Search code examples
regextagslinguisticsnegative-lookbehind

Negative lookbehind in RegEx: Matching multiple POS-tags at once


I am still fairly new to regex, so I would appreciate any help. I am trying to use regular expressions to find specific grammatical patterns in a text corpus that was part-of-speech-tagged using the CLAWS7 tagset. Here is a sample:

Ya_UH and_CC then_RT uhm_NN1 we_PPIS2 wrote_VVD in_RP but_CCB already_RR taken_VVN up_RP that_DD1 day_NNT1 that_CST we_PPIS2 wanted_VVD actually_RR they_PPHS2 said_VVD still_RR available_JJ you_PPY know_VV0 so_RR by_II that_DD1 time_NNT1 we_PPIS2 we_PPIS2 write_VV0 in_II our_APPGE letter_NN1 two_MC weeks_NNT2 later_RRR already_RR taken_VVN up_RP Quite_RG good_RR uh_UH P ICE-SIN:S1A-001#74:1:B Ask_VV0 her_PPHO1 I_PPIS1 left_VVD my_APPGE house_NN1 at_II one_MC1 met_VVD PRO_NN1 in_II school_NN1 at_II two_MC Ya_PPY so_RR waited_VVD you_PPY know_VV0 they_PPHS2 say_VV0 half_DB hour_NNT1 later_RRR And_CC and_CC it_PPH1 was_VBDZ still_RR drizzling_JJ and_CC raining_VVG

The pattern I am looking for is every instance of \w*\_V.*? (= every verb) that is not preceded by a pronoun. Pronouns can have these tags:

_PN _PN1 _PNQO _PNQS _PNQV _PNX1 _PPGE _PPH1 _PPHO1 _PPHO2 _PPHS2 _PPIO1 _PPIO2 _PPIS1 _PPIS2 _PPX1 _PPX2 _PPY

In the sample, the desired regex should ideally match:

taken_VVN
met_VVD 
Ask_VV0
waited_VVD
raining_VVG

Using the negative lookbehind, I managed to create the following expression, which only matches verbs that are not preceded by a _PPIS2 tag:

(?<!\_PPIS2)\s\w*\_V.*?

What could I do to extend it to all the other pronoun tags? I've tried the expressions below, but they either do not match anything at all or match the wrong instances.

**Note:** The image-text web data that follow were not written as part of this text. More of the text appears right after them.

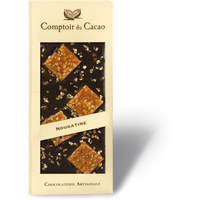 Barre gourmande Chocolat Noir & Nougatine | Comptoir du Cacao | 90g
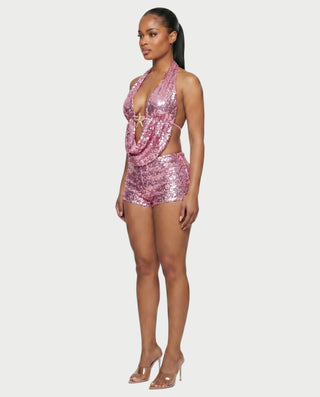 WINNA Sequin Starfish Draped Top & Shorts Set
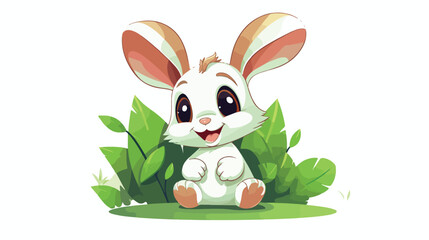Rabbit 2d flat cartoon vactor illustration isolated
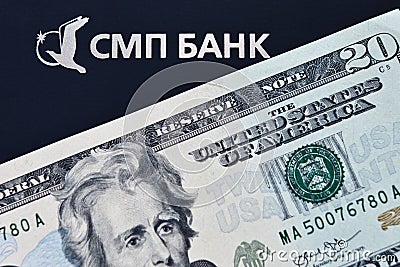 Logo of SMP bank and 20 dollar banknote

(?<!\_P.*)\s\w*\_V.*? (no match)
(?<![\_P.*])\s\w*\_V.*? (wrong results)

Any ideas or explanations would be greatly appreciated.


Solution

  • You may use this PCRE regex in sublime:

    \b\w*_P\w*\h+\w*_V\w*(*SKIP)(*F)|\b\w*_V\w*
    

    RegEx Demo

    RegEx Details:

    • \b\w*_P\w*: Match a word with _P in it
    • \h+: Match 1+ whitespaces
    • \w*_V\w*: Match a word with _V anywhere
    • (*SKIP)(*F): skip and fail the matched substrings
    • |: OR
    • \b\w*_V\w*: Match a word with _V anywhere (these are our matches)